Rana strausi Temporal range: Late Pliocene

Scientific classification
- Kingdom: Animalia
- Phylum: Chordata
- Class: Amphibia
- Order: Anura
- Family: Ranidae
- Genus: Rana
- Species: †R. strausi
- Binomial name: †Rana strausi Špinar, 1980

= Rana strausi =

- Genus: Rana
- Species: strausi
- Authority: Špinar, 1980

Extinct species of amphibians

Rana strausi is an extinct species of true frog from the late Pliocene discovered in Willershausen, Germany.

== Description ==
There was only one holotype, but the author used 6 specimens to get an accurate description. It has a relatively small skull relative to the body. The skull is also around 0,5 cm wider than it is long and ends in a somewhat pointy snout. It has a long spine consisting of 9 relatively long vertebrae. Males and females can be distinguished by the width of the pelvis; males have narrower pelvises than females. Some of the soft tissue has been preserved, including some pigmentation. The hindlimbs have dark, horizontal stripes; 5 stripes on the thigh and 4 on the calf.
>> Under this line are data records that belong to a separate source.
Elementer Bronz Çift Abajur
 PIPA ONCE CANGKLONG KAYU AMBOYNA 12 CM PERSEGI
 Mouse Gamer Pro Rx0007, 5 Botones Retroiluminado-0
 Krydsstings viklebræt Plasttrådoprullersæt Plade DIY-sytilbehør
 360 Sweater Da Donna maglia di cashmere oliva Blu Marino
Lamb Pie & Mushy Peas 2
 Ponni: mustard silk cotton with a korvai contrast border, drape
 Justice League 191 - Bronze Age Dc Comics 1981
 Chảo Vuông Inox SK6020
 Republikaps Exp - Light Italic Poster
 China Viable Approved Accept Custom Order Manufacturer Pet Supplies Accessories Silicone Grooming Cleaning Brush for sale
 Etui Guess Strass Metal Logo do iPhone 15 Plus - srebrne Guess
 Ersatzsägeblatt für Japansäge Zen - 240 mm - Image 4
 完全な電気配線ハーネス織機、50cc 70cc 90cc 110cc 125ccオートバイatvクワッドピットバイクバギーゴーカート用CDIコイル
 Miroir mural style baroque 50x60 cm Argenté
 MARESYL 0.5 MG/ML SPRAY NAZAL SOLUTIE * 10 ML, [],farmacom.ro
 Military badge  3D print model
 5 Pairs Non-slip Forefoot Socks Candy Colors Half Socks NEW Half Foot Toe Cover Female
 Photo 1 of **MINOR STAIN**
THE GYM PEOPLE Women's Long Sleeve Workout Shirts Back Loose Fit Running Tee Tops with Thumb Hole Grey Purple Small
The eggs appeared pigmented and oval. However, the oval shape is likely caused by deformation, as a similar species (Common frog) produces round eggs.

== Etymology ==
Rana strausi is named after Dr. Adolf Straus because he, according to Špinar (the author), significantly helped expand the knowledge about fossils from the fossil-rich clay pit in Willershausen.